Predicted trends in pilot attrition won’t alter considerably once we get back to work. By our calculations, even since the mid-March shutdown, at least 300 airline pilots have hit the age 65 mark and have been taken out of the talent pool.
That calculation is based on data from Future and Active Pilot Advisors (FAPA) Founder Louis Smith. Smith has recently published research that indicates more than 2,000 professional airline pilots will retire in 2020. The trend increases for the next five years until it peaks with more than 3,100 pilots annually reaching their mandatory retirement age of 65. Those numbers remain high through at least 2034, Smith says.
So, the talent imbalance, while now upside-down, will likely right itself in a few years. Therefore, it’s more important than ever that we continue to maintain the progress that has been made in business aviation compensation, for all roles, making business aviation the career of choice.
Regarding trip planning, in multinational companies, there will be a healthy demand for international business travel, but logistics will be vastly different, and more complex.

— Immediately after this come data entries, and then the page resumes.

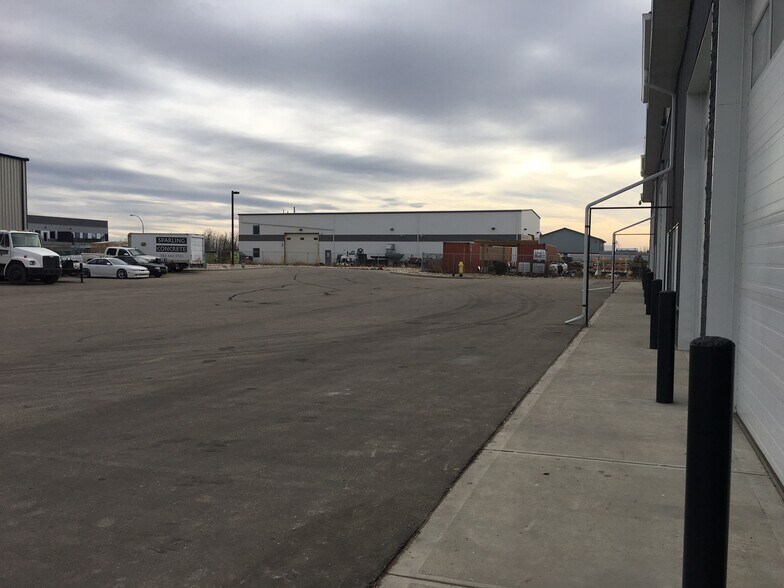 More Photos Of 974 Boulder Blvd, Stony Plain Warehouse For Lease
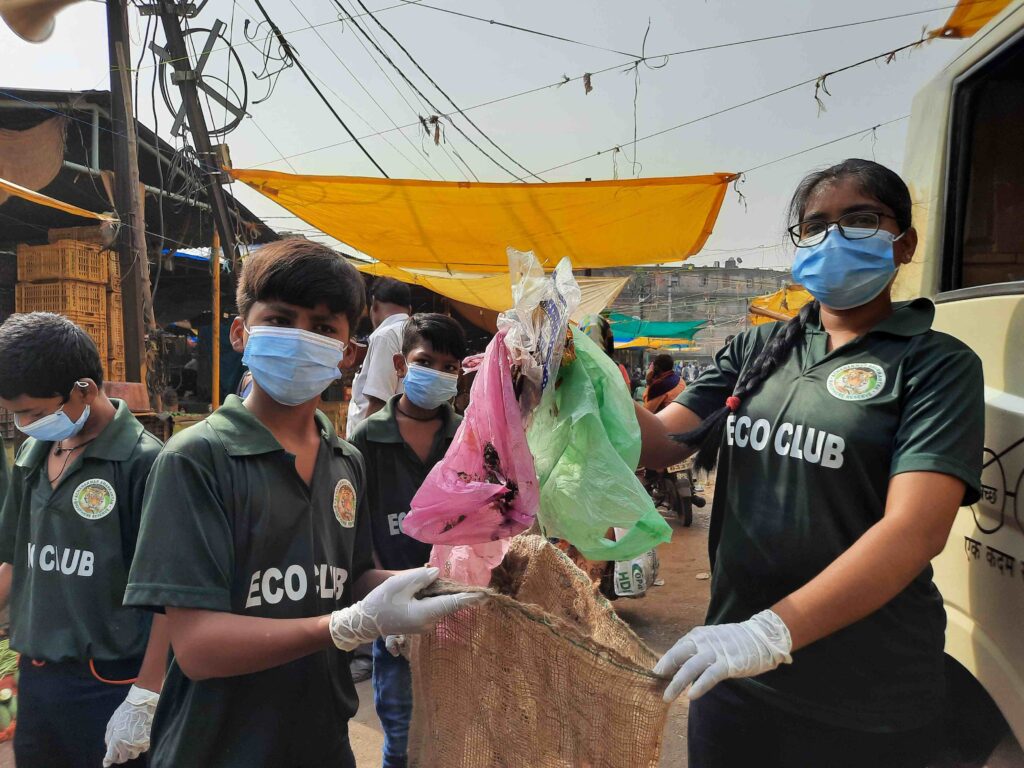 SHASHTRI-MARKET-CLEANUP-CAMPAIGN-PHOTO-(6)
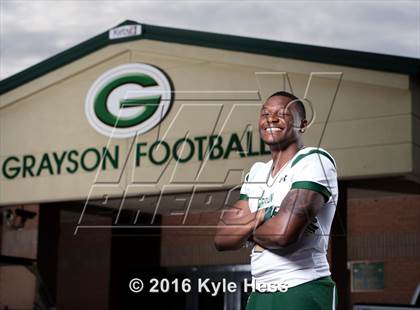 Thumbnail 3 in Grayson (2016 Preseason Top 25 Early Contenders Photo Shoot)  photogallery.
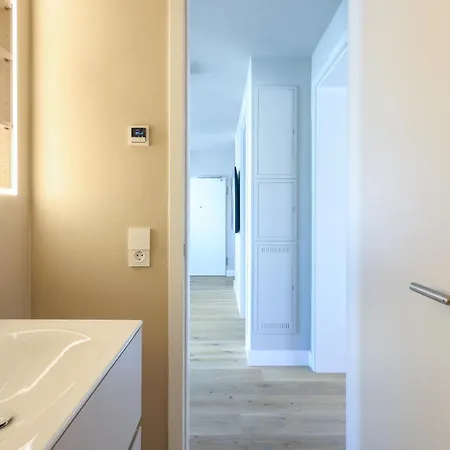 Am Kudamm Mit Dachterrasse, Pool Und Sauna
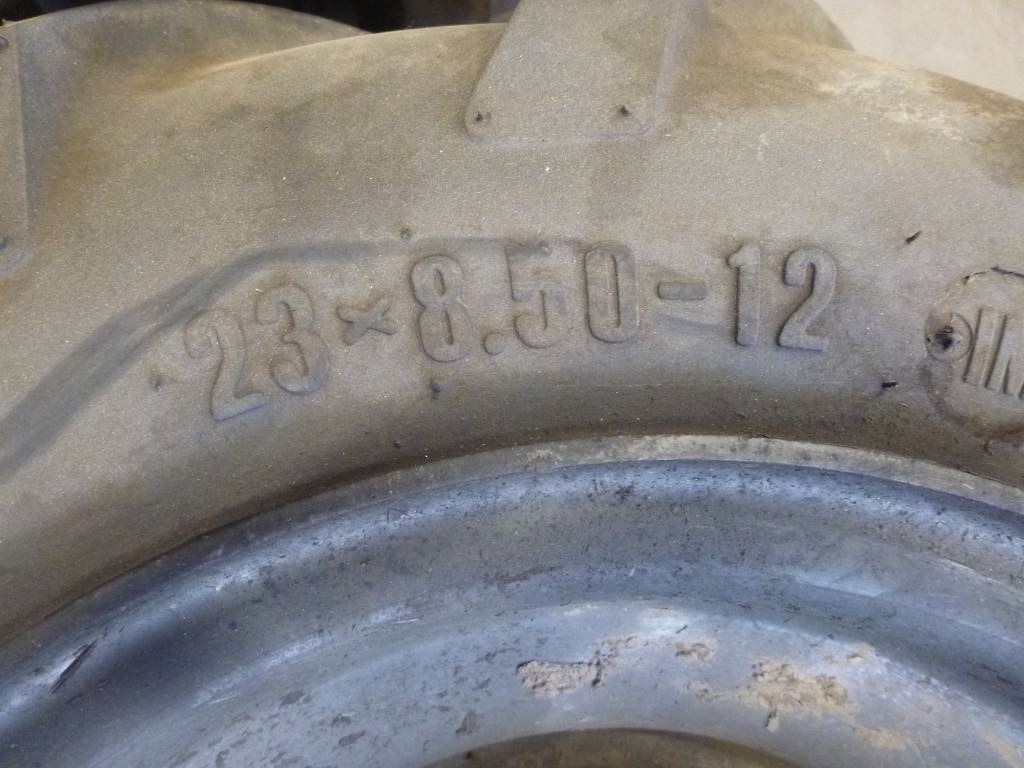 Däck med fälg Trelleborg, 23X8.50-12 - Ось и запчасти для Строительной техники: фото 3 Däck med fälg Trelleborg, 23X8.50-12 - Ось и запчасти для Строительной техники: фото 3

Aircraft cleaning, and flying with two pilots for every one needed are just a couple of developments we’ll have to take into consideration in this “new normal” environment. What’s more, approved users of business aircraft may likely expand to other areas of the organization that relied on airline travel.
Is Bizav the Key to Economic Recovery?
The bottom line, in my viewpoint, is that when we come back to being “open” again, business aviation will be in high demand. After all, it will be easier to use private aircraft versus the airlines.
But travel won’t be the same; it will require some significant change and creativity. There will be a whole new playbook. Perhaps we’ll fly longer hours, or fly out and back in one day. Maybe we’ll focus on domestic travel until international flights open back up. One thing is for certain, executives will want more than ever to visit their employees, vendors and partners. But will those people be willing to receive them? Time will tell.
Right now, there are more questions than answers, but as time passes and we gain some insight into this situation, we may indeed find ourselves poised to recapture some success. Let’s all be ready for it.